Nicolas Pozniak, marathonien

OLYMPUS DIGITAL CAMERANicolas Pozniak, 29 ans, avocat, végétalien depuis plus d’un an. Antécédents sportifs : arts martiaux (lutte, kungfu et taekwondo) et musculation Marathon de paris 2017

Au départ, je me suis inscrit en juillet 2016 pour mon père : il fait le marathon chaque année depuis plus de 10 ans et je vois que plus les années passent, plus c’est difficile pour lui ; j’ai réalisé que si je voulais lui faire plaisir en courant avec lui, je devais le faire maintenant. Ensuite, j’ai découvert Magà Ettori. J’ai trouvé l’initiative inspirante sans toutefois oser le contacter. Certainement en raison de mon caractère et du fait que je ne me trouvais pas « légitime » pour participer à une telle opération (je ne suis végétalien que depuis peu (moins de 2 ans), je ne suis pas particulièrement sportif, je n’ai pas déployé les efforts que tu as déployé, je ne suis pas encore un militant très impliqué etc…).
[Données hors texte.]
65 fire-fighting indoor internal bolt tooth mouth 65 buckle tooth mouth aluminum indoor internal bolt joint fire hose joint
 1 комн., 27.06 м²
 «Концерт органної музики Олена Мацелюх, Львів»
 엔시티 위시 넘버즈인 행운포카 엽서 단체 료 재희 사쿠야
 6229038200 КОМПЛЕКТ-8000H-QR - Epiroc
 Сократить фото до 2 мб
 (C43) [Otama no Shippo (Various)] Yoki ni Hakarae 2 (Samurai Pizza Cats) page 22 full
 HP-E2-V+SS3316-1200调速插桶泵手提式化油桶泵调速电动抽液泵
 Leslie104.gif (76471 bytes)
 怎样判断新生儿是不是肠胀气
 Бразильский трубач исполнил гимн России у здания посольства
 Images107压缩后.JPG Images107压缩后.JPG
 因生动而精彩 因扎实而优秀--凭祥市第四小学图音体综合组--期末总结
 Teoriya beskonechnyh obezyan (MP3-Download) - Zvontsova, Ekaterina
J’ai donc fait comme la majorité silencieuse, j’ai regardé, j’ai liké et j’ai envoyé quelques messages d’encouragements mais pas +. Ensuite, ma sœur m’a dit « mais attend, pourquoi tu ne cours pas au moins avec un tee shirt personnalisé? » J’ai trouvé l’idée super, mais en même temps je ne voyais pas trop comment faire (le marathon approchait).

Motivation

Toute la difficulté à mon sens lorsque l’on veut promouvoir une cause, c’est de trouver le bon message : celui qui interpellera les non-initiés sans les rebuter. Je cherchais donc un message positif, non culpabilisant ni provocateur. Vegan Power, dans un contexte sportif comme le marathon, m’a beaucoup plu. Il permet de dire en quelque sorte, vous voyez, le véganisme permet aussi de faire ce genre d’exploit, alors pourquoi ne pas essayer. C’est un peu la voie que j’ai trouvé actuellement pour défendre la cause vegan, celle de l’exemplarité.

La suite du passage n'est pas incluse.